Mailing List lml@lancaironline.net Message #15019
From: <StarAerospace@aol.com>
Sender: Marvin Kaye <marv@lancaironline.net>
Subject: Re: Engine Heaters Cast as Bad Ideas... Acid?
Date: Sun, 25 Aug 2002 17:09:37 -0400
To: <lml>
There's a lot more than oil and water in the salad dressing in the crankcase. 100LL contains tetraethyl-lead which, when burned, produces lead vapor which deposits on everything it touches.  Some of it even gets on the valve seats where it does some good, while the rest goes to all sorts of places we don't want it to.  Over time, this would build up to unacceptable thicknesses.  Something has to be done.

Enter scavenging additives.  These are combustible additives that contain REALLY nasty, corrosive, and sometimes carcinogenic chemicals that clean out the excess lead.  They are also really bad pollutants and are the unspoken environmental reason for banning leaded fuel.
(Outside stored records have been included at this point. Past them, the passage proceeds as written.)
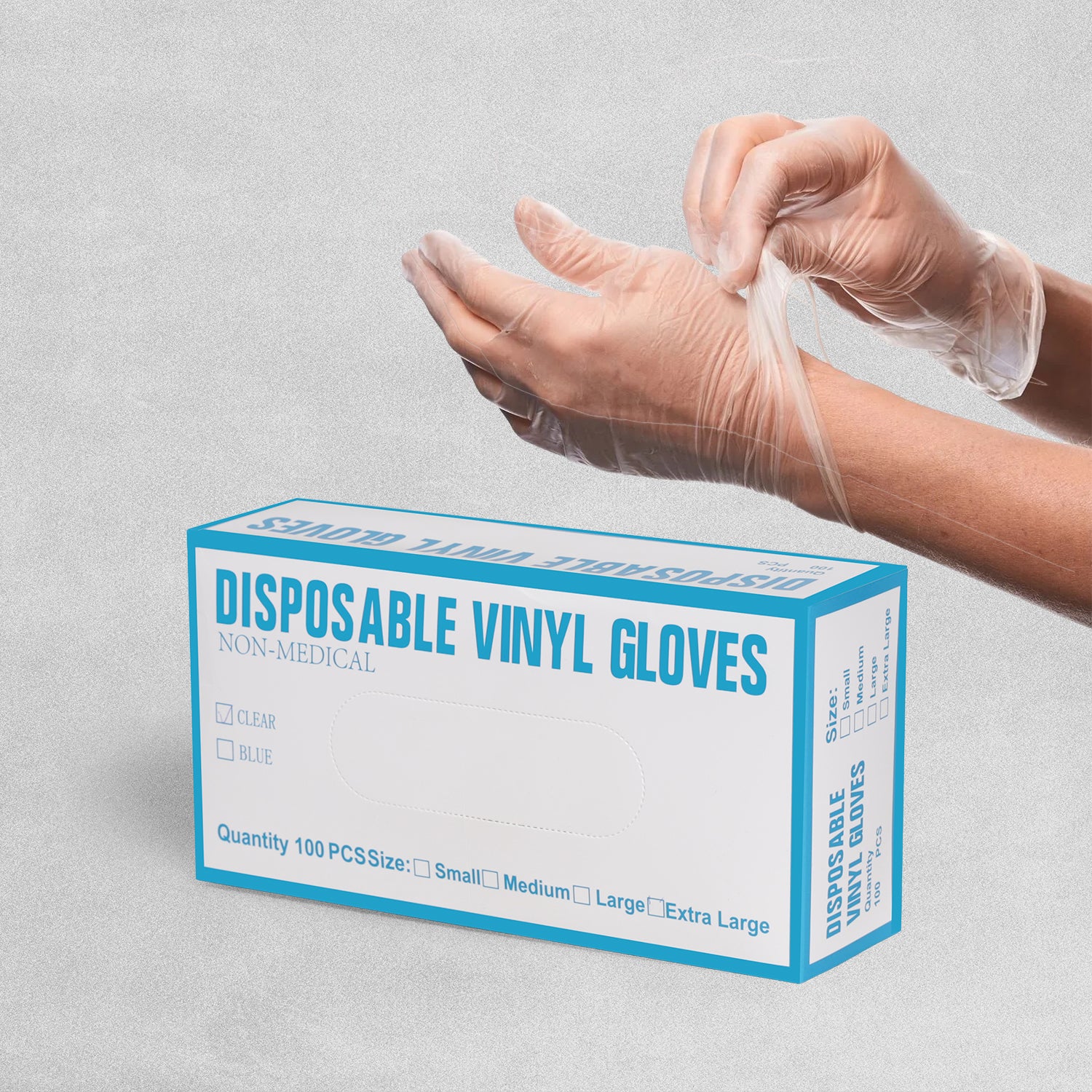 Clear Disposable Vinyl Glove Non-Medical - Various Sizes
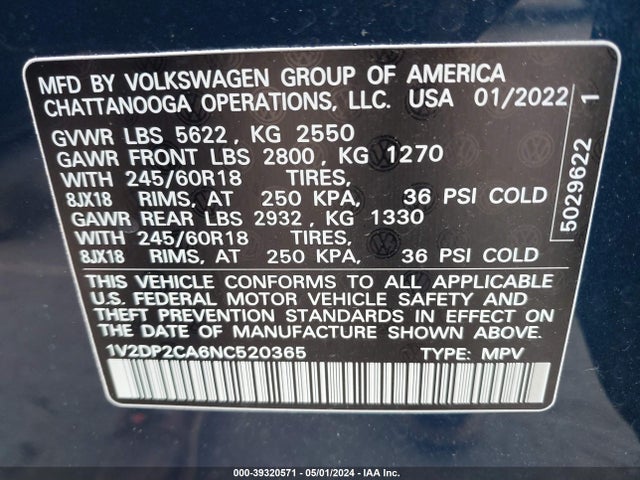 1V2DP2CA6NC520365 Volkswagen Atlas 2.0t Se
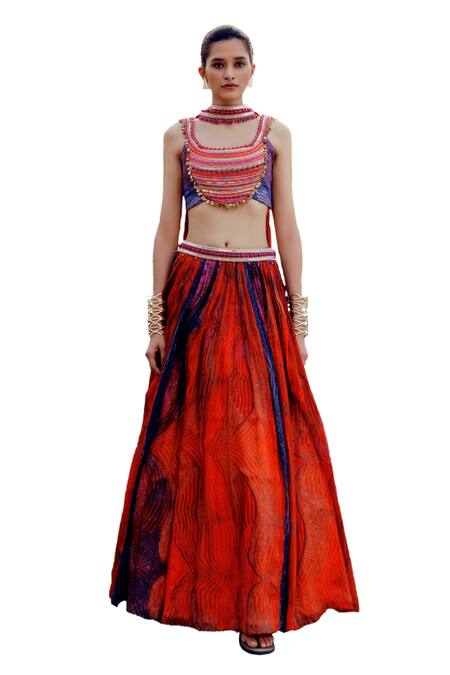 17:17 By Simmi Saboo_Orange Chanderi, Taffeta, Cotton Baani Illusion Print Lehenga And Bib Bustier Set _Online_at_Aza_Fashions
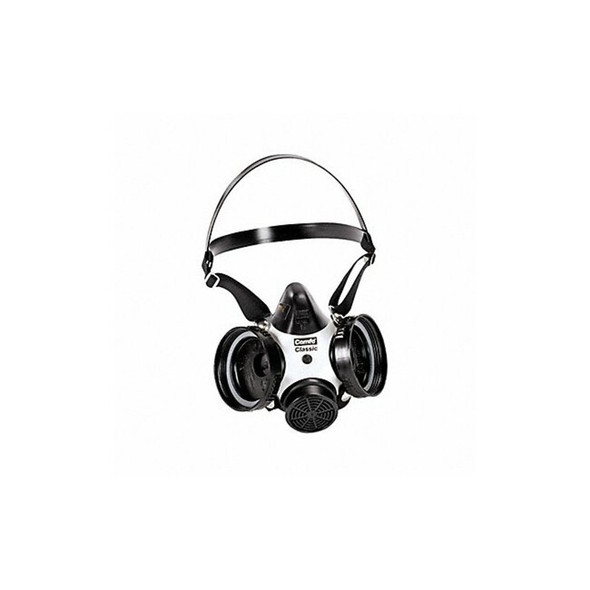 Half Mask Respirator, Comfo Classic, SoftFeel Silicone, Threaded, Black, M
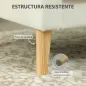 Butaca de Salón Tapizado en Terciopelo Sillón de Lectura con Asiento con Botones y Patas de Madera para Dormitorio Crema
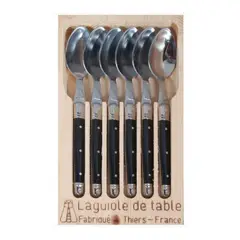 LAGUIOLE - Set 6 cuchara cafe negro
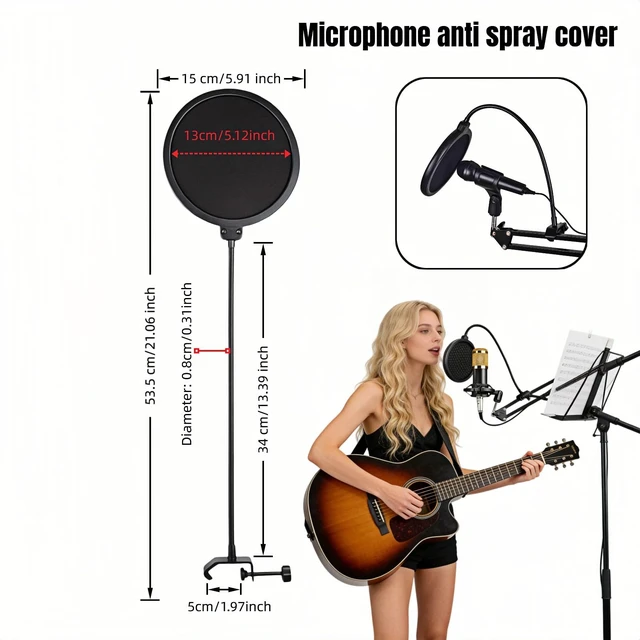 Alt view image 2 of 7 - Professional Microphone Pop Filter, Double-Layer Wind Screen with 360° Flexible Metal Arm and Clamp, 5.91 Inch, for Recording Studio, Broadcasting, and Singing Eliminate Plosives & Hiss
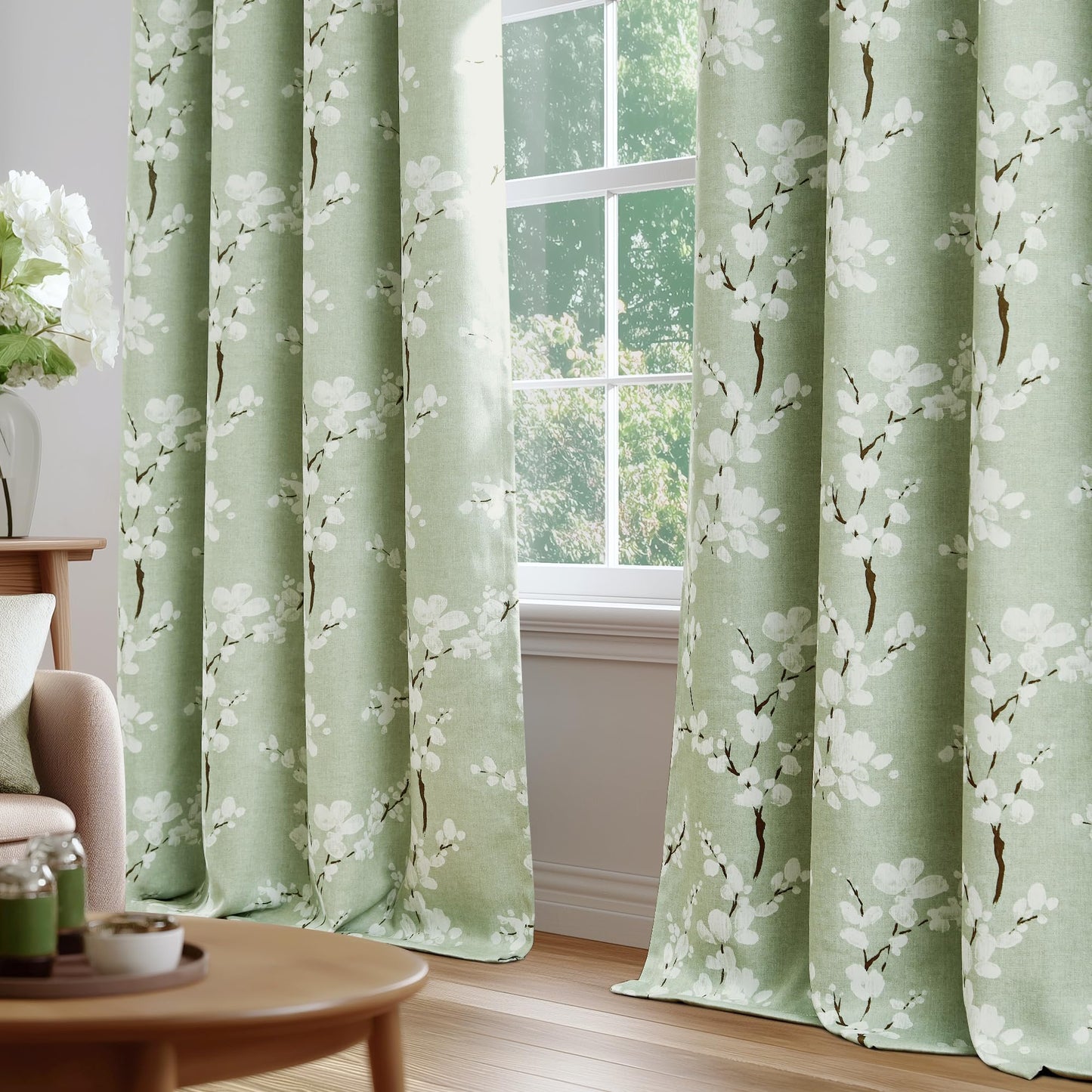 FMFUNCTEX 100% Blackout Curtains 84 Inch Long for Living Room Green and White Floral Blossom Print Curtains Farmhouse Thermal Insulated Drapes for Bedroom Grommet Window Curtains 2 Panels Sage Green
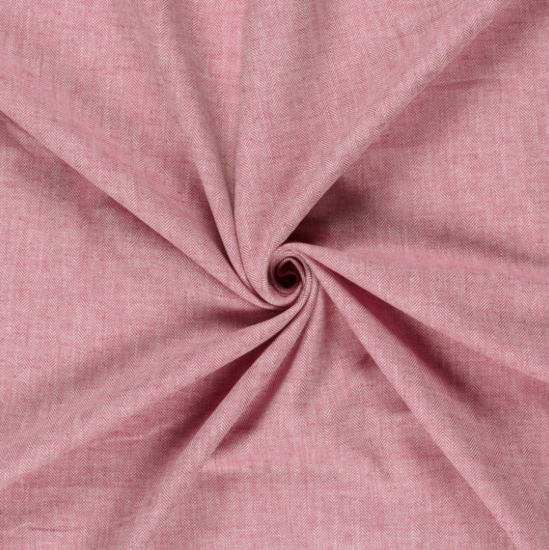 Linnen katoen 2 - Visgraat midden rood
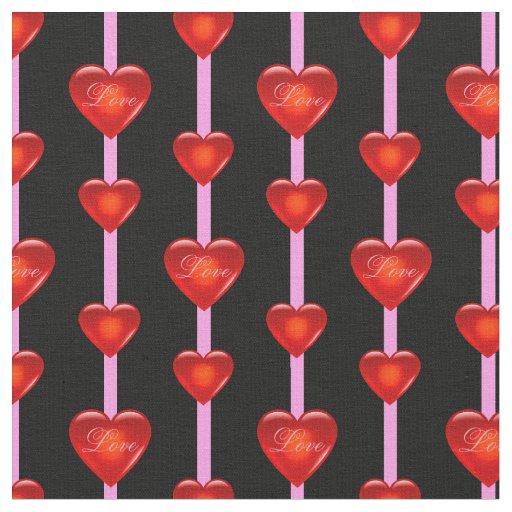 heart/big/small red heart/Love/black pink stripe Fabric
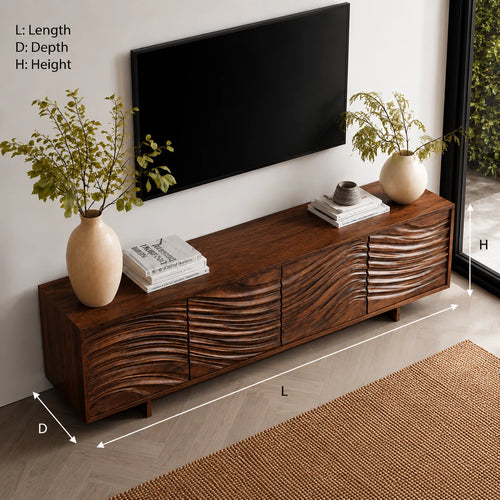 Artisan Wave Natural Solid Wood TV Stand with Sculpted Storage Doors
Traces of everything the engine burns end up in the crankcase, especially with the sloppy piston clearances of air cooled engines not using TBC's.  So along with the oil, water, ash, shellac, carbon, lead, etc., there are trace amounts of these corrosives.

Water by itself isn't that corrosive.  Where its power comes from (if we want to call it that...) is in dissolving almost anything ionic into individual positive and negative ions and creating a corrosive solution.

Keeping the engine warm all the time is asking for corrosion;  warming it up just before starting it makes sense, since everything will be much closer to operating clearances.  Plug it in during the 30 to 60 minutes that it takes to load up and get the weather and it wouldn't have much time to cause corrosion.  Like the mixture control, engine heating can be not-used, misused, and abused.  It's all up to the operator.